- **Exercise directions**:
Return all of the data that follows precisely, leaving every image out.

- **Information shown**:
——————————

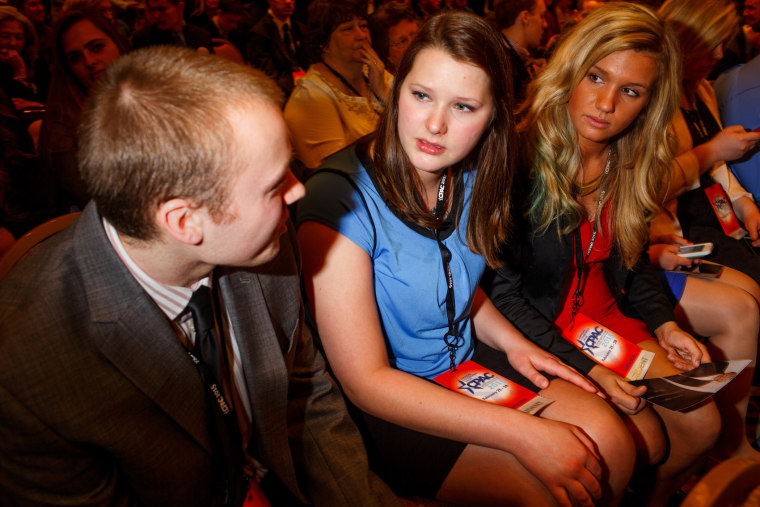 From left, Jeff Ford, Erin Moore and Mary Foster of Ferris State University talk to each other while they wait for Donald Trump to speak at CPAC in National Harbor, Md., on Feb. 27, 2015. (Photo by Melissa Golden/Redux for MSNBC)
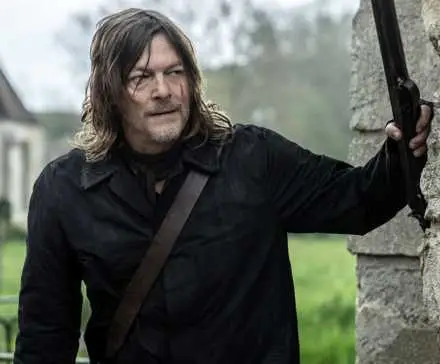 Norman Reedus as Daryl holding a rifle against a wall in The Walking Dead: Daryl Dixon Season 2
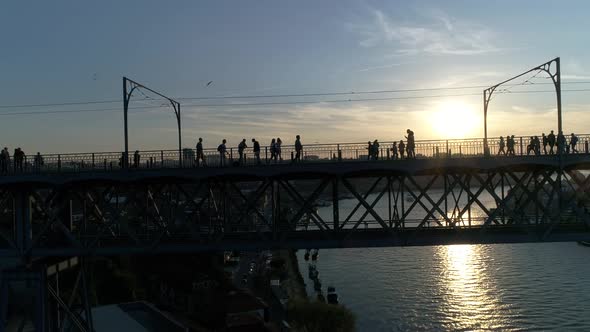 People Walking on The Bridge at Sunset alt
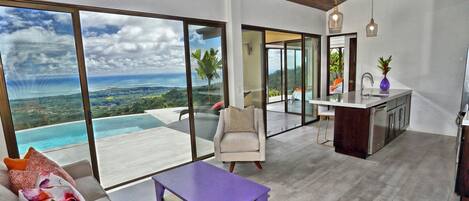 Un espace de vie moderne doté d’une grande porte vitrée donnant sur un balcon avec vue sur un paysage côtier.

——————————

- **Answer to the problem**:
 From left, Jeff Ford, Erin Moore and Mary Foster of Ferris State University talk to each other while they wait for Donald Trump to speak at CPAC in National Harbor, Md., on Feb. 27, 2015. (Photo by Melissa Golden/Redux for MSNBC)
 Norman Reedus as Daryl holding a rifle against a wall in The Walking Dead: Daryl Dixon Season 2
 People Walking on The Bridge at Sunset alt
 Un espace de vie moderne doté d’une grande porte vitrée donnant sur un balcon avec vue sur un paysage côtier.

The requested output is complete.